WHILE (@batchSize = @rowsUpdated)
BEGIN
    UPDATE TOP (@batchSize) TableName
    SET Value = 'abc1'
    WHERE Parameter1 = 'abc' AND Parameter2 = 123 and Value <> 'abc1';

    SET @rowsUpdated = @@ROWCOUNT;
END

I want share my experience. A few days ago I have to update 21 million records in table with 76 million records. My colleague suggested the next variant. For example, we have the next table 'Persons':

Id | FirstName | LastName | Email            | JobTitle
1  | John      |  Doe     | [email protected]     | Software Developer
2  | John1     |  Doe1    | [email protected]     | Software Developer
3  | John2     |  Doe2    | [email protected]     | Web Designer

Task: Update persons to the new Job Title: 'Software Developer' -> 'Web Developer'.
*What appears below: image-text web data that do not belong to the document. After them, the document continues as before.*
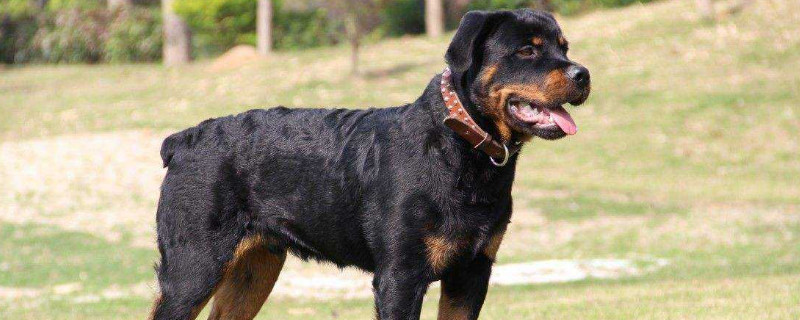 罗威纳犬攻击性强吗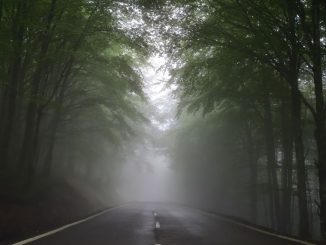 Route dans le brouillard entre des arbres à feuilles vertes durant le jour.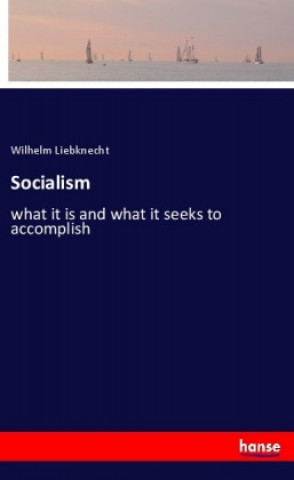 Boek Socialism Wilhelm Liebknecht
1. Create Temporary Table 'Persons_SoftwareDeveloper_To_WebDeveloper (Id INT Primary Key)'

2. Select into temporary table persons which you want to update with the new Job Title:

INSERT INTO Persons_SoftwareDeveloper_To_WebDeveloper SELECT Id FROM
Persons WITH(NOLOCK) --avoid lock 
WHERE JobTitle = 'Software Developer' 
OPTION(MAXDOP 1) -- use only one core

Depends on rows count, this statement will take some time to fill your temporary table, but it would avoid locks. In my situation it took about 5 minutes (21 million rows).

3. The main idea is to generate micro sql statements to update database. So, let's print them:

DECLARE @i INT, @pagesize INT, @totalPersons INT
    SET @i=0
    SET @pagesize=2000
    SELECT @totalPersons = MAX(Id) FROM Persons

    while @i<= @totalPersons
    begin
    Print '
    UPDATE persons 
      SET persons.JobTitle = ''ASP.NET Developer''
      FROM  Persons_SoftwareDeveloper_To_WebDeveloper tmp
      JOIN Persons persons ON tmp.Id = persons.Id
      where persons.Id between '+cast(@i as varchar(20)) +' and '+cast(@i+@pagesize as varchar(20)) +' 
        PRINT ''Page ' + cast((@i / @pageSize) as varchar(20))  + ' of ' + cast(@totalPersons/@pageSize as varchar(20))+'
     GO
     '
     set @i=@i+@pagesize
    end

After executing this script you will receive hundreds of batches which you can execute in one tab of MS SQL Management Studio.

4. Run printed sql statements and check for locks on table. You always can stop process and play with @pageSize to speed up or speed down updating(don't forget to change @i after you pause script).

5. Drop Persons_SoftwareDeveloper_To_AspNetDeveloper. Remove temporary table.

Minor Note: This migration could take a time and new rows with invalid data could be inserted during migration. So, firstly fix places where your rows adds. In my situation I fixed UI, 'Software Developer' -> 'Web Developer'.


Your print is messing things up, because it resets @@ROWCOUNT. Whenever you use @@ROWCOUNT, my advice is to always set it immediately to a variable. So:

DECLARE @RC int;
WHILE @RC > 0 or @RC IS NULL
    BEGIN
        SET rowcount 5;

        UPDATE TableName
            SET Value  = 'abc1'
            WHERE Parameter1  = 'abc' AND Parameter2  = 123 AND Value <> 'abc1';

        SET @RC = @@ROWCOUNT;
        PRINT(@@ROWCOUNT)
    END;

SET rowcount = 0;

And, another nice feature is that you don't need to repeat the update code.